Jak poinformował we wtorek madrycki dziennik “Publico”, w najbliższych dniach na stronie założonego w 1962 r. w Barcelonie stowarzyszenia Amical de Mauthausen zamieszczone zostaną wspomnienia Hiszpanów z okresu uwięzienia w nazistowskim obozie koncentracyjnym. W pierwszej kolejności pojawią się tam świadectwa 61 osób.

“W większości przypadków są to zebrane wspomnienia osób pochodzących z prowincji Huesca, Teruel i Saragossa” - podał dziennik “Publico”.

Głównym inicjatorem badań nad hiszpańskimi więźniami nazistowskich obozów koncentracyjnych jest pochodzący z prowincji Teruel Juan Calvo. Członek stowarzyszenia Amical de Mauthausen poinformował, że dotychczas udało się zidentyfikować 1015 nazwisk więźniów tego obozu, którzy pochodzili z Hiszpanii.

Calvo wyjaśnił, że wspierany z budżetu regionalnego rządu Aragonii projekt pomógł na razie ustalić tylko niewielką część hiszpańskich więźniów Mauthausen, których łączna liczba przekracza 7000.

Według hiszpańskich historyków największą trudnością w badaniach nad cierpieniami obywateli Hiszpanii, którzy trafili do niemieckich obozów koncentracyjnych, były trwające od 1939 do 1975 r. rządy frankistowskie. Ówczesne władze w Madrycie nie były bowiem zainteresowane prowadzeniem studiów nad losem wrogich sobie republikanów.

W styczniu władze Madrytu wydały zgodę na budowę pomnika upamiętniającego stołeczne ofiary hitleryzmu.
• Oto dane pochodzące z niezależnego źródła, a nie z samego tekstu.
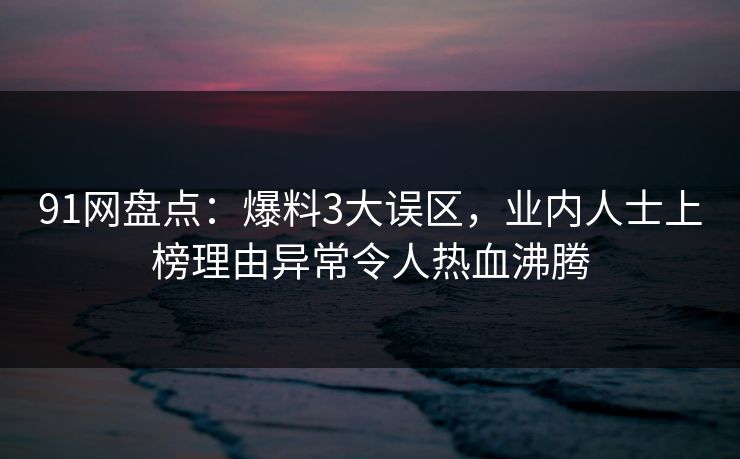 91网盘点：爆料3大误区，业内人士上榜理由异常令人热血沸腾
Monument będzie hołdem dla 549 mieszkańców stolicy wysłanych do obozu koncentracyjnego w Mauthausen, który Niemcy wybudowali w 1938 r.

Budowa monumentu rozpoczęła się wiosną z inicjatywy Amical de Mauthausen na placu usytuowanym w pobliżu XVII-wiecznego budynku Casa de La Vila. Do 2008 r. korzystały z niego władze miejskie.

Szacuje się, że łącznie z Hiszpanii w latach 1940-1944 deportowano do niemieckich obozów zagłady ponad 10 tys. osób, w większości republikanów, którzy zostali schwytani przez Niemców na terenie Francji.